Note, those text boxes can contain valid CSS font stacks, so if you still want to use Helvetica, just type in Helvetica as you would in the CSS code. That way you could have some areas with a Google font and other areas that use standard fonts found on people’s computers. It should be noted that these Google fonts do need to be download by the visitor, so even though they are probably 26K or less I would not recommend using more than a couple of Google fonts. The standard CSS fonts reside on the users machines already, so they will be faster.
Header and Navigation Menu
I have included controls that allow you to specify the height of your Header image in the Font Options page. To use that, type in the height you want your header to be BEFORE you upload a header. With the new height, go to Appearance > Header and upload the new Header image. If it is too big, you will be prompted to crop it to size.
The Header controls include margins as well. This helps if you have a long list of navigation links, or if your site name is really long. You can make either stretch the entire width of your page by changing the style to “grid_16”, or any variation of that. If you want the Title and Navigation links to stay on the same line, the two style options need to add up to 16 or less.

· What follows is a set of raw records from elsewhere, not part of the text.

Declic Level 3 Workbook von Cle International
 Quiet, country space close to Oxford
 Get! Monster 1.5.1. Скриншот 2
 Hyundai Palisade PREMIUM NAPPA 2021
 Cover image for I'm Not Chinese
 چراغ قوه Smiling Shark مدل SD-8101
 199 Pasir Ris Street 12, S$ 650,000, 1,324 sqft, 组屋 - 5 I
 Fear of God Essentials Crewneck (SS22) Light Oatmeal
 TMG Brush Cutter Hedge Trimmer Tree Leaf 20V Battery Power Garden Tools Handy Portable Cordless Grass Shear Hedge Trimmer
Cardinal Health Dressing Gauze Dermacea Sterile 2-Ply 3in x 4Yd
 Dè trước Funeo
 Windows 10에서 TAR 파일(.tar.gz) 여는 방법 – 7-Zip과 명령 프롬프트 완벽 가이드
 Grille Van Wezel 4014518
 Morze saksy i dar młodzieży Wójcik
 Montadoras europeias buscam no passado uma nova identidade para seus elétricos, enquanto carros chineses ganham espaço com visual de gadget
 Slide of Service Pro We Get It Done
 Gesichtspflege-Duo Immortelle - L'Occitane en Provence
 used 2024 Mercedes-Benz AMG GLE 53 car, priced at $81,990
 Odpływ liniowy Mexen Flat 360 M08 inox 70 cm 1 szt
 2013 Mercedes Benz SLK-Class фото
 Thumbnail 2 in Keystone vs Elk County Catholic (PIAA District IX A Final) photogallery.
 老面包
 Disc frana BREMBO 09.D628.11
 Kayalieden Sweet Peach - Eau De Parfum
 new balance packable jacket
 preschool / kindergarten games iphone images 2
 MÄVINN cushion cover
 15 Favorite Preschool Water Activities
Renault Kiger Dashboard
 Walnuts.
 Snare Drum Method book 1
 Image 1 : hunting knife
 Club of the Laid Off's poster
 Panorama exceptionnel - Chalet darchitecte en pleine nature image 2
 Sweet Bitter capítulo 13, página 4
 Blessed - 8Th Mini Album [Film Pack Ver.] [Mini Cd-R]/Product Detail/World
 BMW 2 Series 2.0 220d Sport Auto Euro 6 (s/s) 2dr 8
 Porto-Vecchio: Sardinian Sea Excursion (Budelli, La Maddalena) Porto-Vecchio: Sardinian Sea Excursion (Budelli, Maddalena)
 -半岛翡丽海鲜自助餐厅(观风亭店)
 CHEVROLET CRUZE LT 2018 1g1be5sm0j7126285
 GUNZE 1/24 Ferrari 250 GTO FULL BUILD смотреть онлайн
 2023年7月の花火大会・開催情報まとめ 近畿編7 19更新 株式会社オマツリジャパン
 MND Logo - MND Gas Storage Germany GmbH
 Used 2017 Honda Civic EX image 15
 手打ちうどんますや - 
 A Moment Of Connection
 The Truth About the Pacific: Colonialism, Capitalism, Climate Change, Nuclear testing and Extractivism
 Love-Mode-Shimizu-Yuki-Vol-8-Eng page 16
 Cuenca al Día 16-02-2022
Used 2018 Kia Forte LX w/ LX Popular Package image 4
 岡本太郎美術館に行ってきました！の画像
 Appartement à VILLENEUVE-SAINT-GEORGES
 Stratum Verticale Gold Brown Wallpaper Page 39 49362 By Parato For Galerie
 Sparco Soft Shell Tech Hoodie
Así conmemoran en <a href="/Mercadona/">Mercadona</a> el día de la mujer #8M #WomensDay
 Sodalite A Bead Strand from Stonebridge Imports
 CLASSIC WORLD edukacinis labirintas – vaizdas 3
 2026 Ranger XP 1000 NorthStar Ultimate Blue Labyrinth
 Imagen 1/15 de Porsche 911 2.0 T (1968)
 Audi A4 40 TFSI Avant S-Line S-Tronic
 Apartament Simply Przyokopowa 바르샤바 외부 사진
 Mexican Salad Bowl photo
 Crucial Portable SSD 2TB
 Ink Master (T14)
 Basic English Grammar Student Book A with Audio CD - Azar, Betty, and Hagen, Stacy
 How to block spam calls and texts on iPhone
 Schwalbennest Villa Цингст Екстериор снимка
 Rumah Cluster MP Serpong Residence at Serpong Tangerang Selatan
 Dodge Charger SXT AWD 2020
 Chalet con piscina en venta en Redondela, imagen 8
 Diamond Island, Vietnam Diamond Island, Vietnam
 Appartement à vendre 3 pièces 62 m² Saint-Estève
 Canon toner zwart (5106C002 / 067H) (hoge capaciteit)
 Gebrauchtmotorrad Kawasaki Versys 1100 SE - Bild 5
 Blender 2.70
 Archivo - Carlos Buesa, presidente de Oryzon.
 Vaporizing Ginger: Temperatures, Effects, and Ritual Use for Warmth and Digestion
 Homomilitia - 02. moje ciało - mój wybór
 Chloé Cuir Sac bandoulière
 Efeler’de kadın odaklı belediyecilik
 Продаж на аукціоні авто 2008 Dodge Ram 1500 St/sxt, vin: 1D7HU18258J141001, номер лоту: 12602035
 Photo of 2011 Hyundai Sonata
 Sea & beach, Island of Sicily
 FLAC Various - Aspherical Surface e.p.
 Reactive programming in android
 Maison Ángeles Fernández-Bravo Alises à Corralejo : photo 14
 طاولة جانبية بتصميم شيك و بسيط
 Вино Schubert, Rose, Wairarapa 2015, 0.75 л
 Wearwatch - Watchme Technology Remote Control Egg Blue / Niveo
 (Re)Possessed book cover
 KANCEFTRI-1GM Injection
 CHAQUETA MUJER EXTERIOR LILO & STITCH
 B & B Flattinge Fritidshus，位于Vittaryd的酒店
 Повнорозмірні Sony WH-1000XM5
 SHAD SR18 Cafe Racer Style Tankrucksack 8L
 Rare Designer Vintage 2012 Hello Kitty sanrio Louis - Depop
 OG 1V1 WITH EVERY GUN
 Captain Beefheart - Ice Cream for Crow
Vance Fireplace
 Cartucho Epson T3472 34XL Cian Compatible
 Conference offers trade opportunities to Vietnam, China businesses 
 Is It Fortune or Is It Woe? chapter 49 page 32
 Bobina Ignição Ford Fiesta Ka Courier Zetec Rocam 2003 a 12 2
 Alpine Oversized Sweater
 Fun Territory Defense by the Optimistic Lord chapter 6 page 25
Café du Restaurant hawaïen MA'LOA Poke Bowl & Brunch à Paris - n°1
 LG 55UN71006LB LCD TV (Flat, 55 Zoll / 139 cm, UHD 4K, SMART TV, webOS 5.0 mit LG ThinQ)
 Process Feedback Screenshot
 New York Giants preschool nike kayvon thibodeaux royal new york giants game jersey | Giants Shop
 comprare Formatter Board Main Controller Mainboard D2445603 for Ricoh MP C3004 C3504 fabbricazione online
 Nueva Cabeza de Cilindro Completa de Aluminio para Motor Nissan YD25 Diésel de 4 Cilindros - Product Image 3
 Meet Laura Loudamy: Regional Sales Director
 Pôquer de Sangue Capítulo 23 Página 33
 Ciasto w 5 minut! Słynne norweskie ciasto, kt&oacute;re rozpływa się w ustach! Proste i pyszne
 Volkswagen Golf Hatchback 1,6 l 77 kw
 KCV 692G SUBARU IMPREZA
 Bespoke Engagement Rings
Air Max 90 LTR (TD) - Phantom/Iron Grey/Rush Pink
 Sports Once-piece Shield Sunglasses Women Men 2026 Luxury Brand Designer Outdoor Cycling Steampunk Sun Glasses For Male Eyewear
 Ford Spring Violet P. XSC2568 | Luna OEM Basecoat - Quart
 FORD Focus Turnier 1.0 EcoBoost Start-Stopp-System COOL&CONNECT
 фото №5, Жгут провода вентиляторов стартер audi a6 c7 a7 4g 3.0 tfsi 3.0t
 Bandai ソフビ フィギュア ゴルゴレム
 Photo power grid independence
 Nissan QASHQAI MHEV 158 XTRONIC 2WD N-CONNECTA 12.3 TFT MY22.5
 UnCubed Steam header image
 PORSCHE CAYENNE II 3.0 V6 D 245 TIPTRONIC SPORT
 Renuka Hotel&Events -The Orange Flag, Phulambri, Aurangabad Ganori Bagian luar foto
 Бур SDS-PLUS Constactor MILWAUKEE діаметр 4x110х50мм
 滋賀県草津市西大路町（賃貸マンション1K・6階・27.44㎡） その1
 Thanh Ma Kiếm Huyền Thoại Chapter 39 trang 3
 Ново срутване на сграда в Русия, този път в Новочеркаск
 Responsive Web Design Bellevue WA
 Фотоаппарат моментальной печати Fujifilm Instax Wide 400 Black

You will probably notice that alignment issues crop up once you start making changes in this area. That’s why I have included an option for margins. The margins must have valid CSS code in it, and try to remember that the order you specify them spells “TROUBLE”. Top, Right, Bottom, Left (TRBL). You can specify negative margins also. For example, if you specify
-20px 0px 10px 0px for the navigation menu that will move the navigation menu up by 20 pixels. This is great for getting perfect alignment with whatever kind of header you design.